- The problem
The answer is to be the lines below that lie between the line holding "How to list" and the line holding "Markup is a", inclusive, transcribed exactly and free of pictures.

- Extracted entries
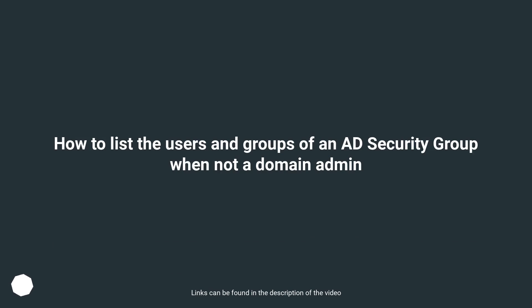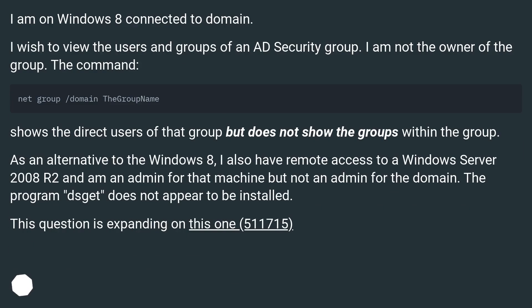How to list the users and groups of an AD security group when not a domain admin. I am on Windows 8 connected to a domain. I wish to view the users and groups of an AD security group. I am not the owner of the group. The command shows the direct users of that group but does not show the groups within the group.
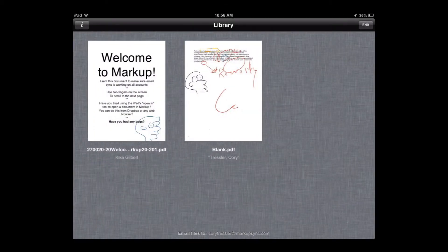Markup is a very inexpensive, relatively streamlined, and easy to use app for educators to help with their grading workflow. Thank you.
...
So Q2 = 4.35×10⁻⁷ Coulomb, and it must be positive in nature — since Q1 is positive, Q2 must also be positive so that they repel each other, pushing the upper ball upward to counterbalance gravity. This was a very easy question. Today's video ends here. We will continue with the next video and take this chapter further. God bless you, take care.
--
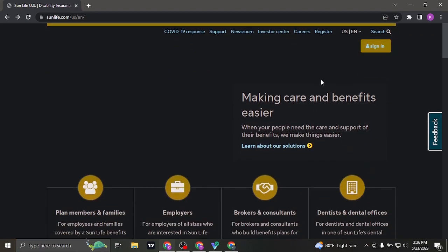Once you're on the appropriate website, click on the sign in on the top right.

- Exercise result
How to list the users and groups of an AD security group when not a domain admin. I am on Windows 8 connected to a domain. I wish to view the users and groups of an AD security group. I am not the owner of the group. The command shows the direct users of that group but does not show the groups within the group.
Markup is a very inexpensive, relatively streamlined, and easy to use app for educators to help with their grading workflow. Thank you.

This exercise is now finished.